Il faut dire que Mick Jagger, cet Englisman in Brussels est en grande forme. Après avoir chopé le covid (et dû annuler une série de dates), le chanteur superstar a retrouvé manifestement toutes ses sensations, la voix aussi souple que ses célèbres mouvement de bassin. Charmeur aussi, il alterne français et néerlandais, détaille son week-end bruxellois – « nous sommes allés dans les Mawwwolles, nous avons bu des Duvel et mangé au moins 6 gaufres ». Et quand il présente ses camarades, il s’amuse à introduire par exemple le « Magritte de la guitare » (Ron Wood) ou le « Lukaku du saxophone » (Tim Ries).
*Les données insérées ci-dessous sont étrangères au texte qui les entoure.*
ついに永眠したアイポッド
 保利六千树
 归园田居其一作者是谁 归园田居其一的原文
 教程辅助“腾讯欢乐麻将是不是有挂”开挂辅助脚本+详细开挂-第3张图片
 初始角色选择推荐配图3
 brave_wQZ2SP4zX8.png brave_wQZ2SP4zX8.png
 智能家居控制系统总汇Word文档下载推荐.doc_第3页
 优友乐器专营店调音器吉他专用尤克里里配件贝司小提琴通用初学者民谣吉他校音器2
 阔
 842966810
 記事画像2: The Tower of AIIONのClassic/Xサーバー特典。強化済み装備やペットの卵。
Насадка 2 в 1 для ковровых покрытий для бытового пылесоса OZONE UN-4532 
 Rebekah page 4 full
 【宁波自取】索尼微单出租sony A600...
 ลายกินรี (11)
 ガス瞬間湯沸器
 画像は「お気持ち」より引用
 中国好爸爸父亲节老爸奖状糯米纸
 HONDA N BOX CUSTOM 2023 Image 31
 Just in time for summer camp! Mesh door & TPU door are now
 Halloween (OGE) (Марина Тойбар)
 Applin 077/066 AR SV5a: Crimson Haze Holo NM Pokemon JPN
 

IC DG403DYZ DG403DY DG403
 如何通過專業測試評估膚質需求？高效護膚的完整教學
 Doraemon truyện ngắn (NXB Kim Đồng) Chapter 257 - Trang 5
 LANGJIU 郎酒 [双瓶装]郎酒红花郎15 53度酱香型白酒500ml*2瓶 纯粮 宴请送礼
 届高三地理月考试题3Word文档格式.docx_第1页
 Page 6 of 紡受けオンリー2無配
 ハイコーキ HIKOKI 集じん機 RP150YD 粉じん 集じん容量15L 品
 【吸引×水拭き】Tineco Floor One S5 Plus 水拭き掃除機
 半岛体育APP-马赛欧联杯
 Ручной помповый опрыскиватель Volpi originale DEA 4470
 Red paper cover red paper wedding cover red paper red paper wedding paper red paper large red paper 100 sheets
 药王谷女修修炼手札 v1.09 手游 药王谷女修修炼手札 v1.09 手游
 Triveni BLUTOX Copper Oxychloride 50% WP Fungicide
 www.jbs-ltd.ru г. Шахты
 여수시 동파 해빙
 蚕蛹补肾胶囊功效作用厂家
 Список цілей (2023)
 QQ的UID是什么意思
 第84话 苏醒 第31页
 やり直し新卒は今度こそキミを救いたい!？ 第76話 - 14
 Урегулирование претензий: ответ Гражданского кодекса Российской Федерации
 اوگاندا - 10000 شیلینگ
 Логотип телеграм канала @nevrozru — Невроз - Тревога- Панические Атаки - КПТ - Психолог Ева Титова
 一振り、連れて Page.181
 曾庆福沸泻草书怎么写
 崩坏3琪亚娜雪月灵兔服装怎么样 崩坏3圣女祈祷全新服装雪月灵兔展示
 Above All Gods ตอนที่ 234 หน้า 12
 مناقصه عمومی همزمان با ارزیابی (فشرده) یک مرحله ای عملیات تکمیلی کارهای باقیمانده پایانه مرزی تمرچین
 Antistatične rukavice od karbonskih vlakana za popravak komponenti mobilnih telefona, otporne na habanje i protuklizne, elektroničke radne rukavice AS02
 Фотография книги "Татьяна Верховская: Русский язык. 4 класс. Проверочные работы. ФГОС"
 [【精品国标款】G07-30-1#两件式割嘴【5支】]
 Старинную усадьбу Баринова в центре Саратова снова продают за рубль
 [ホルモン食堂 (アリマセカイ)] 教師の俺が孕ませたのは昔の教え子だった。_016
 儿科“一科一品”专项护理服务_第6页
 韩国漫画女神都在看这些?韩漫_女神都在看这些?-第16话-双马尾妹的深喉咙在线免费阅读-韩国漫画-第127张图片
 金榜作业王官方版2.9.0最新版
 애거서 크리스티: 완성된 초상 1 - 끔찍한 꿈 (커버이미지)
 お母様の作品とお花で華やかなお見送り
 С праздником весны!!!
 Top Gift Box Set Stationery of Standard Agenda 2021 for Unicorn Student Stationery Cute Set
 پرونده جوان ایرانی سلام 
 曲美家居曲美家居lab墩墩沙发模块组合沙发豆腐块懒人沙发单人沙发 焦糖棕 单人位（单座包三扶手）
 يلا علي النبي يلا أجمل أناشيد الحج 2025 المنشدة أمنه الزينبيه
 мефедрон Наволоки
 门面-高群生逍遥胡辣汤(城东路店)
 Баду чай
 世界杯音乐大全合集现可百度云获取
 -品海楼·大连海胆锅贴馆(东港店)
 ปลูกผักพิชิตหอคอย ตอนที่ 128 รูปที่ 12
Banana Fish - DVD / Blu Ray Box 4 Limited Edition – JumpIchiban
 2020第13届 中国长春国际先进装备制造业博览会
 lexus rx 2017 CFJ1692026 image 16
En fait, même Keith Richards s’est mis à l’heure belge : à son pantalon, le vieux pirate a accroché une cravate jaune à l’effigie du Capitaine Haddock… C’est leur 14e show à Bruxelles, assure Mick, mais visiblement c’est presque comme si c’était toujours le premier.
Et c’est sans doute cela qui impressionne le plus. On a eu beau chercher, on n’a toujours repéré aucune trace de lassitude chez ces dinosaures. Faut voir Richards et Wood, assis devant la batterie de Jordan, se marrer, goguenards, pendant que Jagger s’agite sur Miss You et le solo de basse de Darryl Jones. Bien sûr, comme la musique qu’ils incarnent (et qui a perdu aujourd’hui pas mal de son impact sur la culture), les Stones ne sont plus là pour renverser les meubles. Ils sont devenus les meubles. Malgré cela, quand les premiers accords de You Can’t Always Get What You Want résonnent et s’envolent en écho dans le stade, il se passe encore quelque chose.
La setlist est cousue de fil blanc. Seul Living in a Ghost Town, l’inédit sorti pendant la pandémie, et des images d’immeubles dévastés (en Ukraine ?) diffusées pendant Gimme Shelter, montrent que le groupe n’est pas complètement déconnecté de l’époque. Ah oui, et, par défaut, Brown Sugar aussi, qui, à cause de ses références raciales, devenues borderline ces dernières années, a été retiré de la setlist… Il a été remplacé par Out Of Time, chanson de 1966, que les Stones avaient jusqu’ici toujours laissées de côté.
La dernière ligne droite est imparable : Jumpin Jack Flash, suivi, en rappel, de Sympathy For The Devil et (I Can’t Get No) Satisfaction. Mission accomplie : les Stones n’ont peut-être plus le feu, mais ils ont toujours l’étincelle.